Mining boss accused of paying for killings

Miami Herald
05/19/2006

A former intelligence officer said he saw the head of the Colombian branch of a U.S. coal company pay to have two labor leaders killed, according to a court document.

By Gerardo Reyes

A former Colombian intelligence officer has claimed that he saw the head of the Colombian branch of a U.S. coal company hand over a suitcase full of cash to pay for the assassinations of two labor leaders, according to a document filed in a U.S. court.

The sworn statement by Rafael García was made to U.S. lawyers for U.S. labor-rights groups who filed a civil suit in 2002 alleging the killers were ''acting as employees or agents'' of the Alabama-based Drummond Company Inc. The trial in Birmingham is scheduled to begin in October.

Drummond has steadfastly denied any involvement in the 2001 murders of Valmore Locarno and Víctor Orcasita, president and vice president of one of the labor unions representing workers at its coal operations in north-central Colombia. A Drummond attorney Thursday declined to comment.

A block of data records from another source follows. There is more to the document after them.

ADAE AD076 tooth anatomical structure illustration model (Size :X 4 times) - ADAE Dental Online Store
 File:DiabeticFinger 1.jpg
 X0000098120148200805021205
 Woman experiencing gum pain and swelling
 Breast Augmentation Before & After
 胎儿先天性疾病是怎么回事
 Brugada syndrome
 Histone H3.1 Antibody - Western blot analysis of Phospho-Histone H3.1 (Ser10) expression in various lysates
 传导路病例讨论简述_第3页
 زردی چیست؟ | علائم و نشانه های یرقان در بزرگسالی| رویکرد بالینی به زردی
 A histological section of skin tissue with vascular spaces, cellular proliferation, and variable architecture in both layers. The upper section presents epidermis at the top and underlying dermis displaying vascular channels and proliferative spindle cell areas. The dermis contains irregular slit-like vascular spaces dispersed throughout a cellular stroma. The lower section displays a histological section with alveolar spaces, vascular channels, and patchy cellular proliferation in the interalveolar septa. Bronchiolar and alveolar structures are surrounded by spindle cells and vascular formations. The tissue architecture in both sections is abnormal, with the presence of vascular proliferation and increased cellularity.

García, a former official of Colombia's equivalent of the FBI, is jailed in Bogotá on charges of corruption. He has made a string of allegations of DAS links to illegal paramilitary groups and electoral fraud that have unleashed a major scandal there.

His allegations about Drummond came in a sworn statement he gave earlier this month during a jailhouse visit by U.S. lawyer Dan Kovalik, who represents the relatives of the slain labor leaders in their suit, which is supported by U.S. labor groups, against Drummond.

The suit was filed under the U.S. Alien Tort Claims Act, an 18th Century law passed to fight piracy abroad but lately used by individuals to file suit over a broad range of allegations, from torture by the U.S. military in Iraq and Afghanistan to Central American human-rights abusers and the Cuban firing-squad execution of a boat hijacker.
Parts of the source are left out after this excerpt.